Being Consciously Unbiased.

I have a love-hate relationship with subconscious bias training. It’s great that people are being made more aware of their biases and privilege, but… well. Most subconscious bias training is rubbish. Even good training won’t get to the people who most need it. And even after all that, even in the most well-intentioned and aware individuals, we will still ascribe rationality to biased actions and thoughts far more than we should.

In order to balance against subconscious bias, we not only need to reduce it, but actively counter it - we need to be consciously unbiased. And in many ways, it’s easier to be consciously unbiased than it is to avoid unconscious bias. Conscious unbiasing relies on things that humans are generally good at like spotting patterns and taking action, rather than things that humans are generally bad at, like self-reflection, impulse control.

As a 101 for people who are new to this or a refresher for people who have enough privilege to not be surrounded by it daily, for IWD2021 I’ve written about a few common bias patterns and how to counter them.

FAQ

A quick FAQ before I get into this....

Q: None of this stuff is really real, or if it is, you’re totally over-hyping it.
A: I’m not going to debate the impact or severity or importance of this stuff… there’s enough content out there already. Google is your friend. Go look it up.

Q: Yeah but not all men.
A: Stop trying to make this about you. Time to listen instead.

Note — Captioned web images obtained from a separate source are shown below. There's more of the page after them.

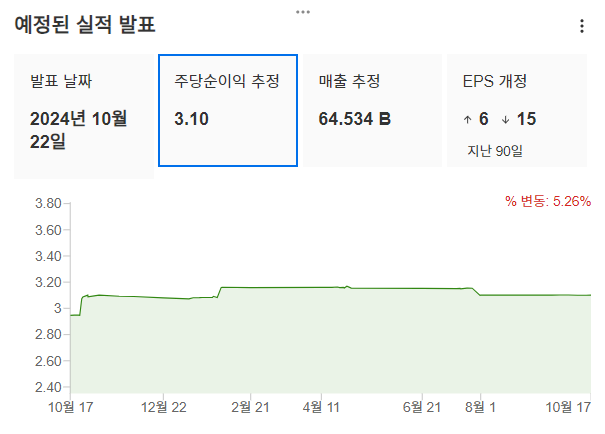 InvestingPro - MS - 예상 EPS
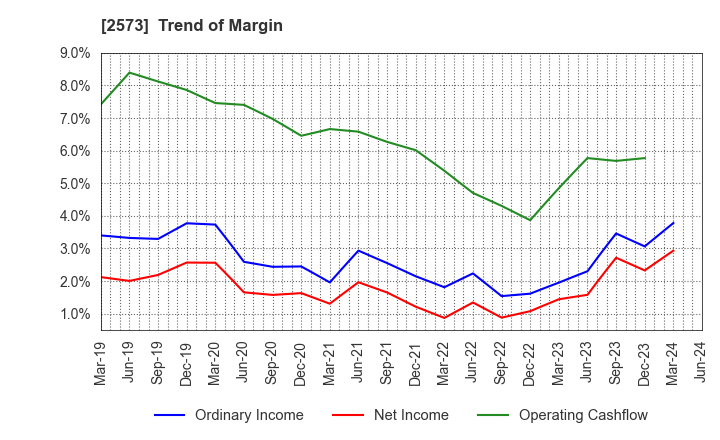 2573 HOKKAIDO COCA-COLA BOTTLING CO.,LTD.: Trend of Margin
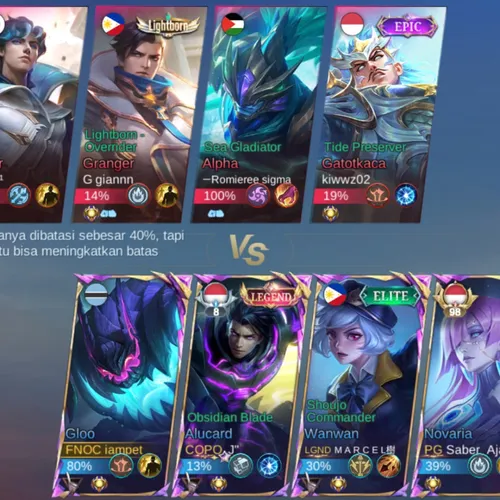 Masih pemula Mlbb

Q: I don’t need to worry about being biased, I’m a woman.
A: Women on average are only 10% less biased than men. When women face hurdles and difficulties in their careers, it’s easy to internalise it and think it’s normal, or even worse, “right”, and apply it to others beneath and around them. Also, intersectionality - look it up.

Q: Yeah but I’m a lovely person really and so are all my friends/colleagues.
A: I’m sure it does. But it doesn’t make you infallible. This is what women experience day in, day out in all sorts of environments, not just hostile ones.

Q: None of these were actually questions, more statements really.
A: Yup.

I’m going to cover three common bias patterns here, but there are loads more.

Prove-it-again bias.

The Prove-It-Again bias is what happens when you don’t look like the kind of person who does what you do. Whether that’s a dad who is the primary parent for their kids, or a woman working in tech, you have to go further to prove yourself if you don’t fit the commonly held stereotype.

Facing the Prove-It-Again bias means that your successes are more likely to

  • Be forgotten
  • Be attributed to someone else
  • Be attributed to luck/fluke over competence

Meanwhile, your failures are more likely to…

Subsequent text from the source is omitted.